Equipping a Generation of Global Leaders
By Jim Jeffery, President of Baptist Bible College, Clarks Summit, Pennsylvania
The Tomb of the Unknown Soldier in Arlington National Cemetery in Washington, DC, has a guard on duty 24 hours a day. Every hour on the hour, 365 days a year, a new soldier reports. When the new guard arrives, he receives his orders from the one who is leaving. The words are always the same: “Orders remain unchanged.”
That is also true of every generation of believers. Our Lord and Savior left His orders in the Great Commission for every church and every Christ-follower in every generation. If we are going to perpetuate an effective missions strategy, we need to prepare a generation of global leaders who take Christ’s unchanged order as their primary cause. They will be Christ-centered and biblically rooted. They will have convictions regarding biblical truth, character that reflects Christ, commitment to Christ and His global cause, competencies to make specific contributions, and capacity to make a personal difference in the work of missions.
The local church is central to Christ’s global mission. The Savior stated in his words to the disciples, “I will build my church, and the gates of hell shall not prevail against it (Mt. 16:18).” The New Testament bears clear witness to the local church’s priority in missions from the day of Pentecost, the church planting missionary journeys of Paul, the epistles written to churches or church leaders, the vision of Christ’s position in the midst of the churches, and in letters to the churches in Revelation 1-3. The local church identifies, commissions, sends, and supports missionaries.
Effective local churches are those that are intentionally equipping global leaders. With purposeful preparation and excellent team leadership, they involve teens and adults in missions trips and short-term opportunities, then follow up with personal and team evaluation.
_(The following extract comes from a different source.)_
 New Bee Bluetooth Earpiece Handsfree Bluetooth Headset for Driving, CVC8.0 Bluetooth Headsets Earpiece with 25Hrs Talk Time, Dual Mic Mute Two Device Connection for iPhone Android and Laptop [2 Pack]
One of my joys as a pastor for twenty-six years was seeing teens, young adults, second-career adults, and senior citizens catch a burden for missions when they were personally involved in a missions trip or short-term opportunity. In order to identify and equip a generation of global leaders churches are creatively emphasizing effective missions, placing missionaries in homes of potential Timothys, sacrificially giving to missions, informing and inspiring with news of God’s actions, encouraging all to read missionary biographies, presenting missions dramas, and having outstanding missionary speakers.
Bible colleges, seminaries, and other Christian colleges need to educate and equip a generation of global missions leaders. They need to provide excellent biblical education to prepare future ministry leaders, and give pastors a global perspective and passion for the work of Christ around the world. They need to prepare missionary personnel for the challenges and opportunities in Christ’s global work today, teach church planters the principles and practices of effective church multiplication in the classroom and in church-planting laboratories, train church members who attend and graduate from our schools to become functioning members of the local body with a commitment to missions, and impart national leaders with theological education to multiply leaders among their people for church-planting movements.
Last summer, through the generous gifts of two families, we were able to put a high-tech missions display in one of the highest trafficked areas of our campus to remind our students of global, great-commission ministry. The video images continually show what God is doing on many fields around the world. The touch-screen monitor links to missions web sites, short-term opportunities, and world missions information. This provides another way in which we can say to our students, “Orders remain unchanged” from Christ regarding the great commission. In what greater way could we make an eternal difference than to raise up a new generation of global leaders?